Problem requirements>
If an entry contains a picture, leave the picture out and reproduce everything else in the records below exactly.

Material provided>
━━━

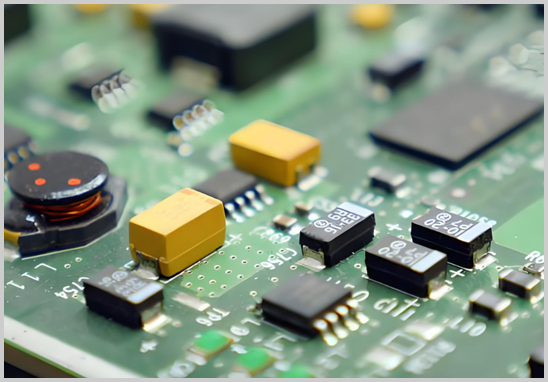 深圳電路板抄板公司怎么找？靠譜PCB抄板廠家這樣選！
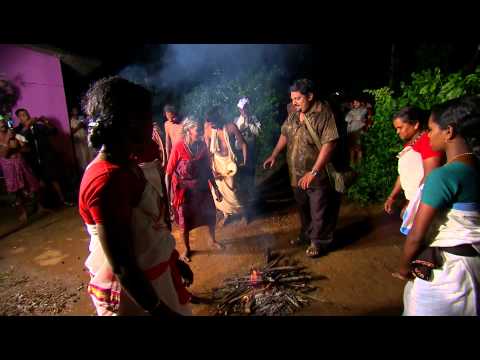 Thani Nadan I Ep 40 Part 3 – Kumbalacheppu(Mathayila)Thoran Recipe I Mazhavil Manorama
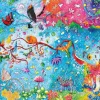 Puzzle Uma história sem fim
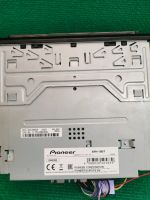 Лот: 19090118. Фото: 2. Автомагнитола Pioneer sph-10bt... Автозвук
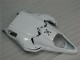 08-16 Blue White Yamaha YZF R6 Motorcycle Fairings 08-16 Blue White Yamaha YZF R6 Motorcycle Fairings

━━━

Task response>
 深圳電路板抄板公司怎么找？靠譜PCB抄板廠家這樣選！
 Thani Nadan I Ep 40 Part 3 – Kumbalacheppu(Mathayila)Thoran Recipe I Mazhavil Manorama
 Puzzle Uma história sem fim
 Лот: 19090118. Фото: 2. Автомагнитола Pioneer sph-10bt... Автозвук
 08-16 Blue White Yamaha YZF R6 Motorcycle Fairings 08-16 Blue White Yamaha YZF R6 Motorcycle Fairings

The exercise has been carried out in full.